Kızlar günü dolayısı ile etrafta Prens ve Prenses figürlerinden oluşan minyatür heykeller ve tablolar vardı. Resimlerde görebilirsiniz. Büyük figür prens yani erkek, minyon olan da Prenses hanım 😀

Japonların paketleme süslemedeki aşırı titizliği, her bir bisküviyi ayrı ayrı paketleme hastalığı "doğaya" zarar konusunda kafayı yiyen benim gibi birine çok hoş görünse de, aynısını yapmama engel oluyor. Biz sırası geldiğinde gazete kağıdına hediye paketleyen, birbirine verdiği hediyenin paketini özenle açıp "bunu tekrar kullanırız" diye kenara ayıran bir çiftiz.

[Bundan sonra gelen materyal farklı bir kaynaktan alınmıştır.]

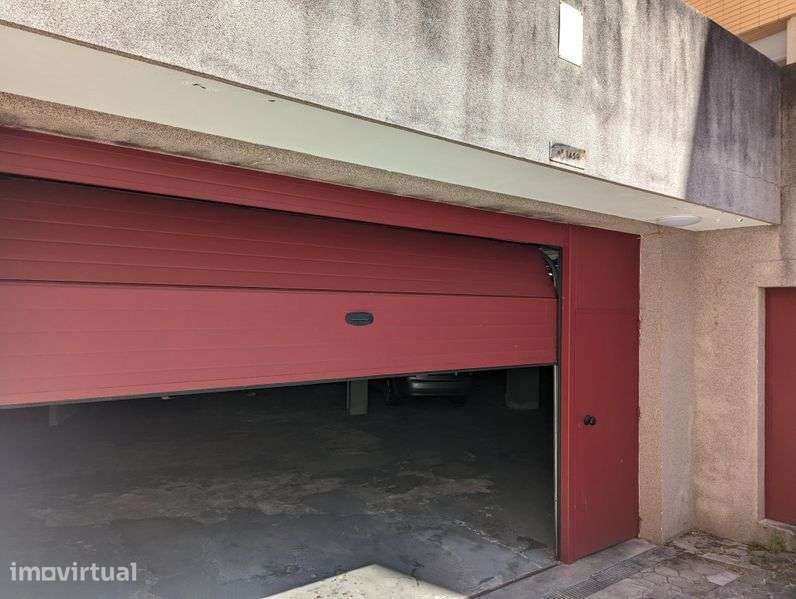 Lugar de Garagem Rua Oliva Teles, 1459 São Félix da Marinha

Japon Türk ilişkileri bizim sokakta şu anda iyi gidiyor. İki ev arasında geleneksel yemekler el değiştiriyor. Daha çok yemek yapan taraf ben olduğum için, Türk yemeklerinin karşı tarafta çok beğeni kazandığını artık biliyoruz. Yoğurtlu çobana bile bayıldıklarına göre tamamdır bu iş.

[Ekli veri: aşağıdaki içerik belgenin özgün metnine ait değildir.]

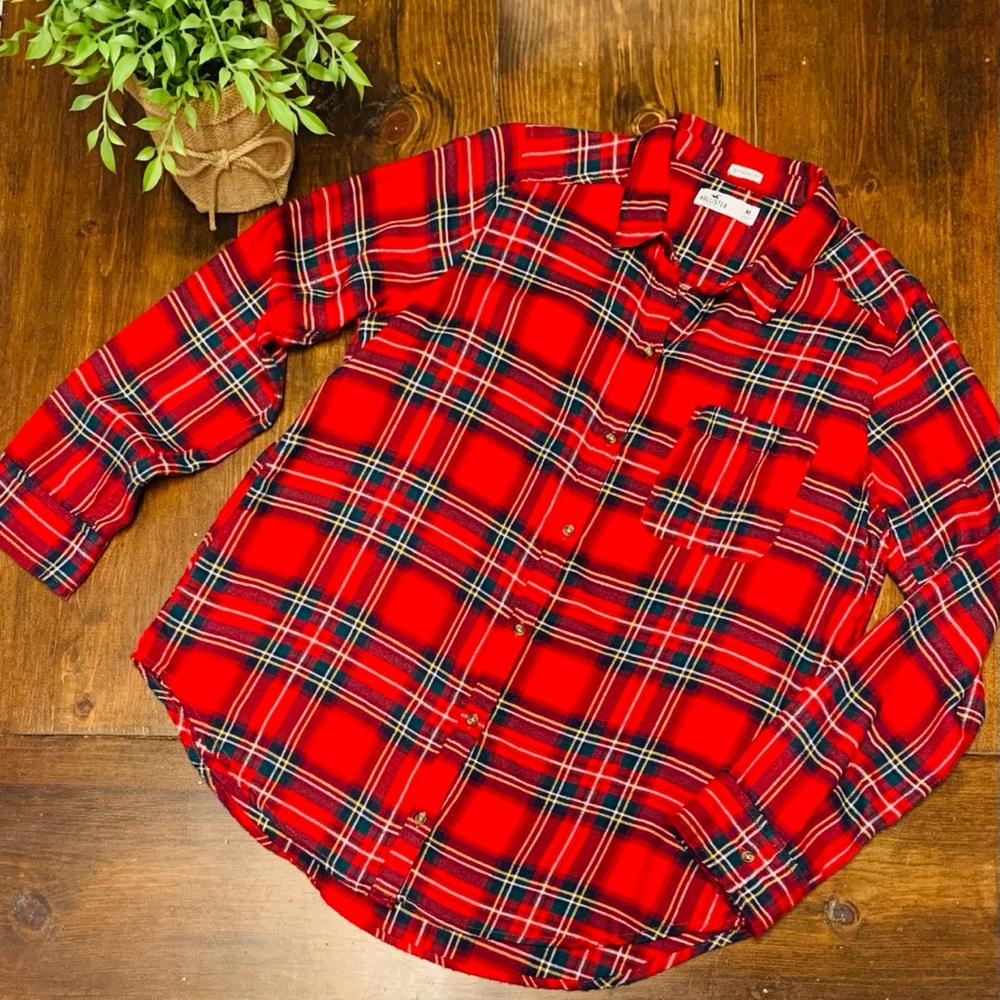 Hollister Holiday plaid boyfriend button down M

Bir kaç yıl önce yan tarafta yaşayan Japon hanıma yemek verirdim. Bir gün resimlerini çekip bloguna koyduğunu söylediğinde paniklemiştim "ama görüntüleri güzel değil ki!" Bilseydim zeytinyağlı fasulyeyi verirken fasulyeleri tabağa güzelce dizerdim 😜 O herkesin çok beğendiğini söyledi. Bizim ev yemeklerimizin düzenlenmesi çok zor, çoğunlukla sıvı olduğu için. Kayınpederim Türkiye ziyareti sırasında "hiç bu kadar karışık görünen (itici demek istedi) ama güzel tadan yemekler görmedim" demişti.

Şimdi Japon komşumla Türk ve Japon yemek günü organize ediyorum. Sadece ailelerimize özel. 😀 Ben ondan, o da benden tarif alacak.